Muitos filhos também foram habituados a que os pais não os respeitassem e, acabam por reproduzir o mesmo modelo. Os pais mandavam nas suas escolhas, na sua vida e, em muitos casos, impunham a sua opinião que se sobrepunha á dos mais novos. Quando os pais são mais velhos e com menos capacidade de reação, naturalmente que os filhos lhes fazem o mesmo.
 
Depois, erradamente incutiu-se a ideia de que o idoso não tem faculdades suficientes para cuidar de si. Em casos de doença, isso é uma realidade, no entanto, o idoso não perde o direito à sua dignidade e vontades.

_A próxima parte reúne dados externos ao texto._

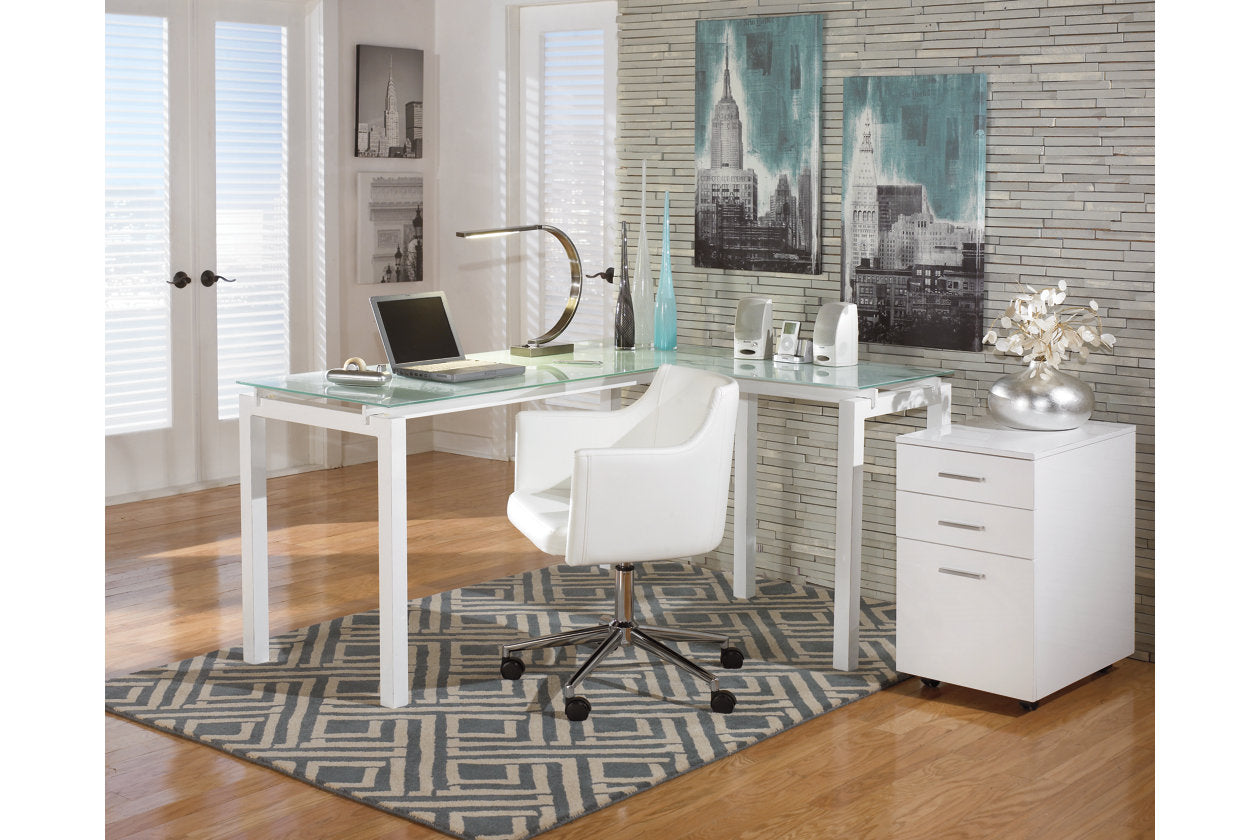 Baraga White Home Office L-Desk - H410-24 - Bien Home Furniture &amp; Electronics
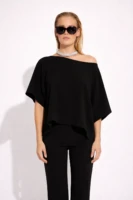 Κρέπ Oversized Μπλούζα με Ανοιχτή Λαιμόκοψη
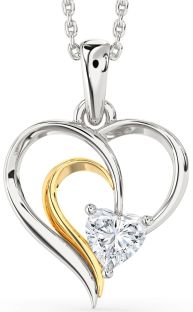 Diamond Silver & 10K gold Heart Necklace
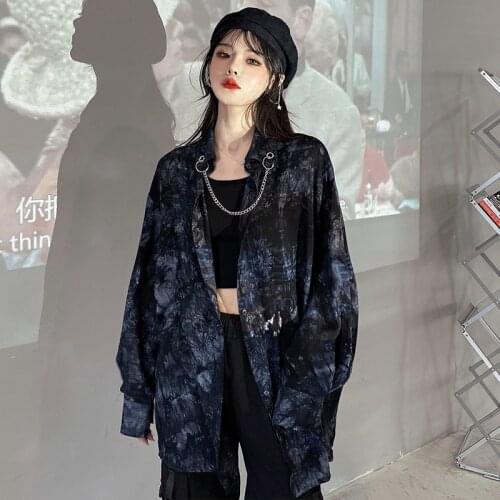 GOOHOJIO 2021 New Fashion Autumn Cool Womens Tops Casual Chic Long Sleeve Shirt Women Vintage Loose Plus Size Clothes for Woman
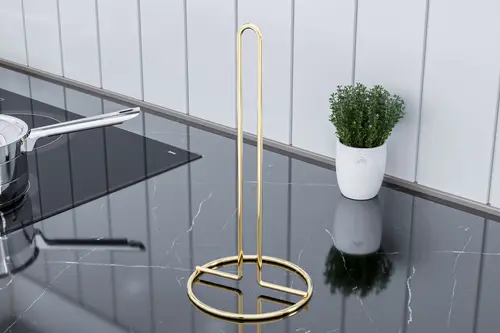 Bino Gold Altın Kaplama Paslanmaz Havlu Peçetelik Metal Kağıt Rulo Havluluk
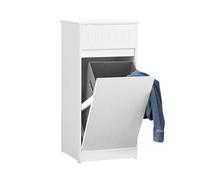 SoBuy Meuble Salle de Bain avec Panier à Linge Meuble Buanderie 40x90x38 cm | Armoire de Salle de Bain, Armoire à Linge avec Tiroir - Placard de Rangement Compacte pour Petits Espaces, Blanc, BZR110-W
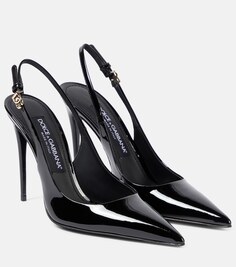 Туфли из лакированной кожи с пяткой на пятке Dolce&amp;Gabbana, черный
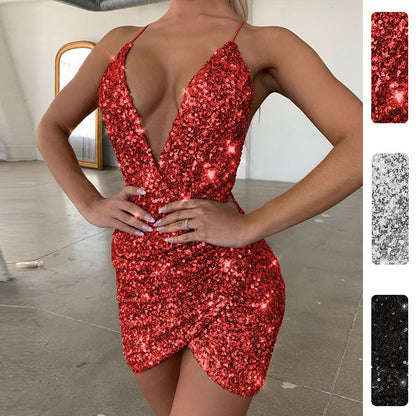 Damen Partykleid V-Ausschnitt Paillettenbesatz Norvielle - Norvielle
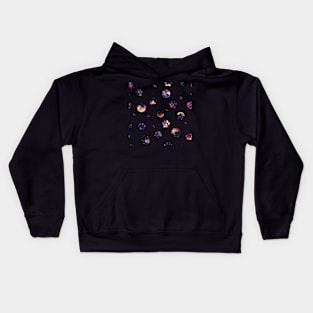 Galaxy in Circles and Cat's Footprints Kids Hoodie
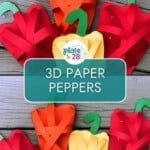 Collage of 3d paper peppers made from colorful construction paper.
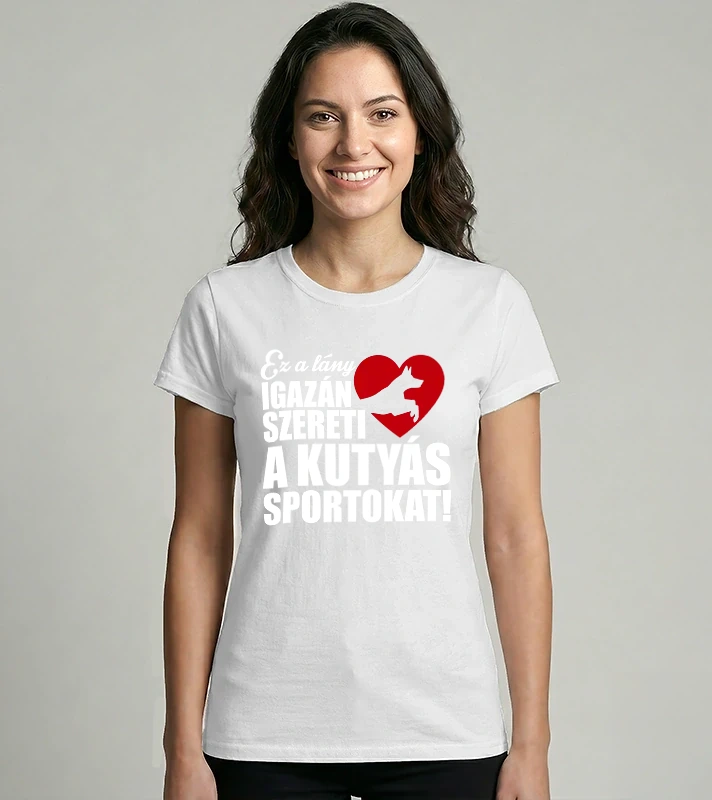 Kutyás sportos lány – Női Imperial póló
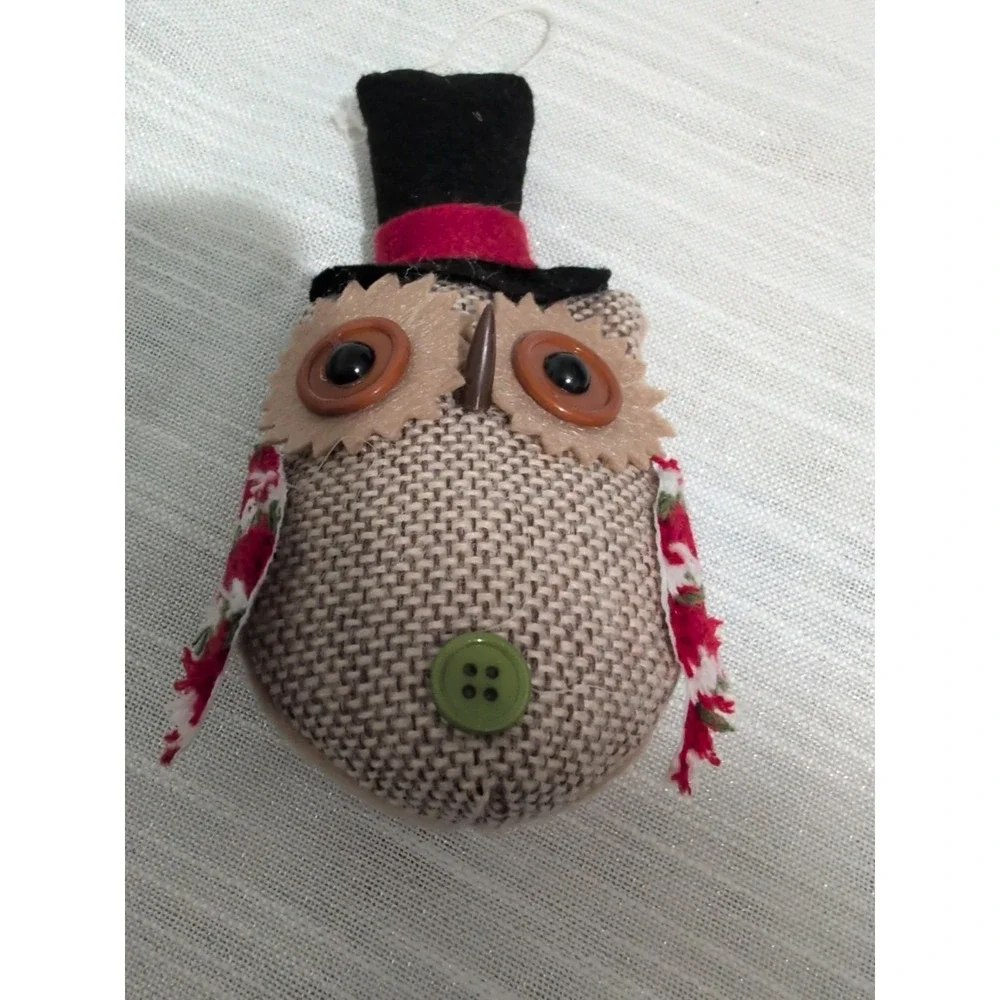 Plush Burlap‎ Scarecrow Owls Handmade Fall Autumn Halloween Ornaments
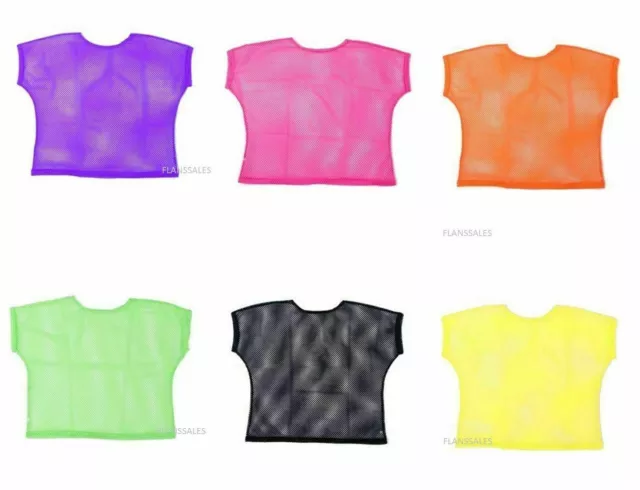 Neon mesh top Ladies Fancy Dress 80s neon Mesh Top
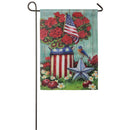 Patriotic Milk Can Garden Suede Flag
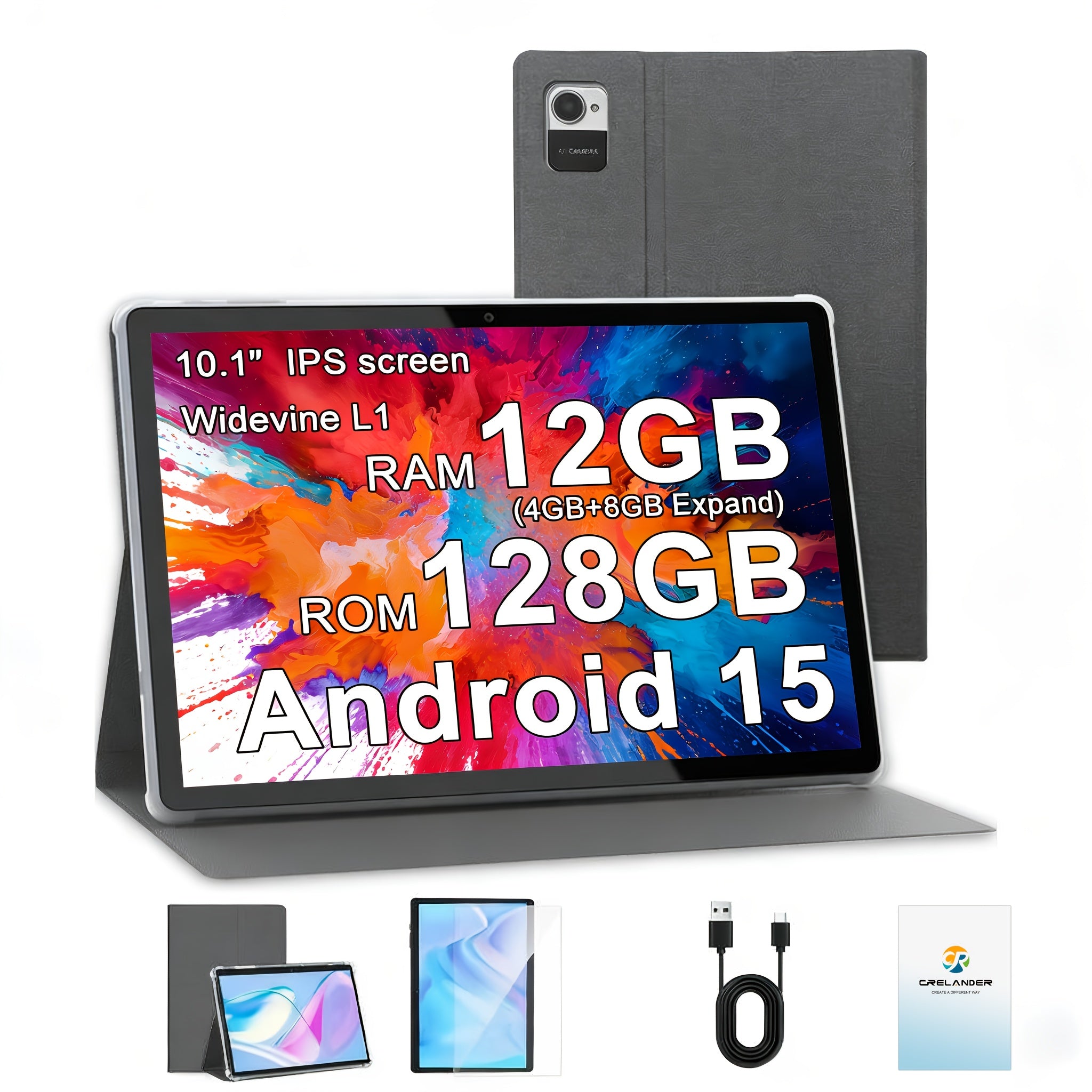 Android Tablet CRELANDER 2-in-1 12GB RAM 128GB ROM with Wireless - Only Gray Case option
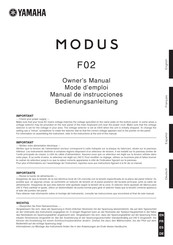 Yamaha MODUS F02 Mode D'emploi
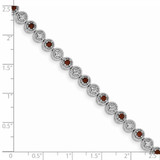 Sterling Silver Rhodium-plated Garnet Diamond Bracelet - QX-7A0A5686-7000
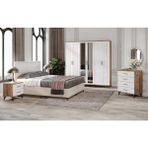 Macera Mobilya Paris 6 Kapaklı Komple Mdf Atlantik Çam-Beyaz Yatak Odası Takımı
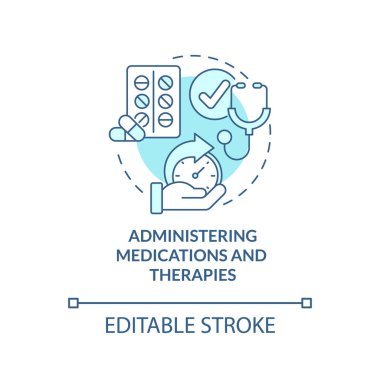 İlaçlar ve terapiler yönetiliyor mavi konsept ikonu. Özel hemşirelik hizmeti soyut fikir ince çizgi çizimi. İzole bir taslak çizim. Düzenlenebilir felç. Arial, Myriad Pro-Kalın yazı tipleri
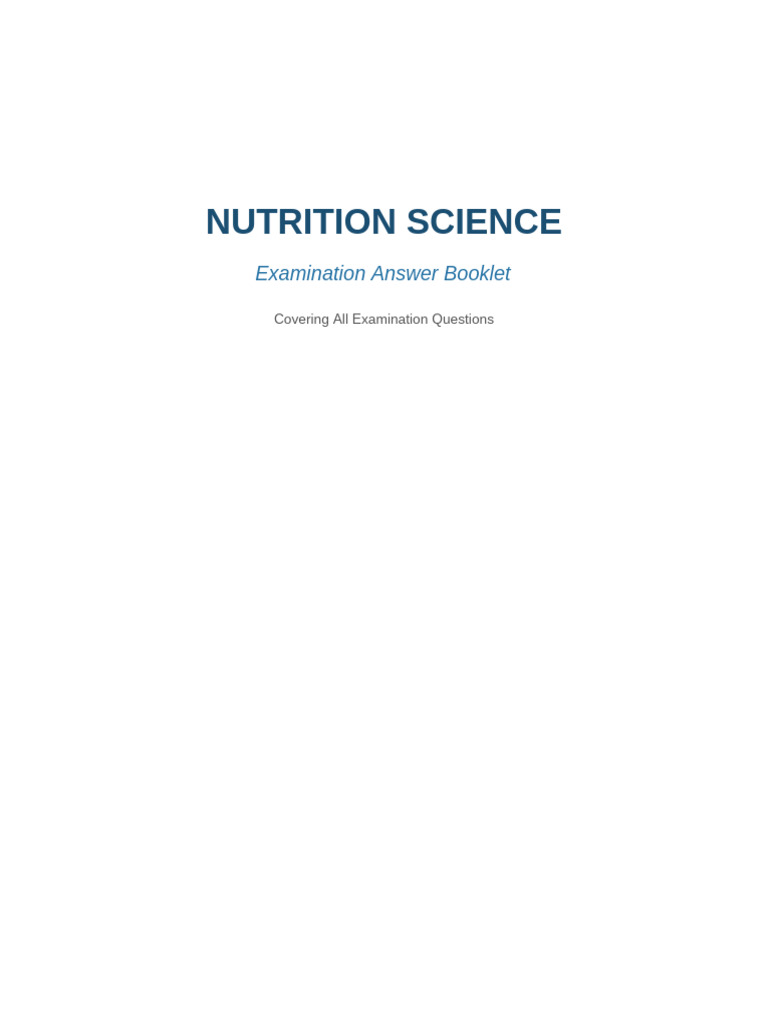 Nutrition Exam Answers | PDF | Carbohydrates | Diet & Nutrition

Há também muito bons exemplos de idosos que se mantêm ativos e com muita saúde ao longo do tempo e, certamente são esses que mais se queixam desses excessos dos filhos, pois sentem-se em condições de viver sozinhos, de cuidar das suas lides domésticas e apenas precisam de apoio, carinho e compreensão, não de ordens!
 
Cada caso vale por si mesmo e os filhos têm também muito que aprender com os novos desafios da atualidade e perceber o que realmente os pais necessitam para que terminem o seu percurso com qualidade e da melhor forma possível.
 
Também é um facto que, muitos idosos lamentam a solidão e que os filhos nem mandam neles, nem cuidam deles. Esse abandono é um reflexo da relação entre pais e filhos e de tudo o que falhou na mesma e que merece uma análise para evitar que muitos casos lhes sucedam.
 
Na mesma sequência, há muitos cenários de maus-tratos em que, os filhos quando já são autónomos, se afastam dos pais e os deixam à sua sorte, um pouco à semelhança do que também sentiram e viveram, pelo que, temos de analisar cada caso com o detalhe e o rigor que merece, no entanto, é fundamental que se pense cada vez mais nos assuntos para que a sociedade possa evoluir, e para que as mentalidades possam conferir novos contornos ao passado.
 
Por fim, é interessante anotar que, há muitos idosos com muita qualidade de vida, que recebem amor, carinho e respeito dos filhos e netos, que estão longe e perto ao mesmo tempo, tal como há instituições que funcionam muito bem e que prestam auxílio aos mais variados cenários e que envolvem os filhos no processo para que este decorra o melhor possível, mas acima de tudo, temos de incidir sobre as falhas para que se possa melhorar e, os filhos necessitam muito de olhar para os pais como seres humanos dignos de respeito, de afeto e de liberdade para que possam terminar os seus dias com mais qualidade e alegria.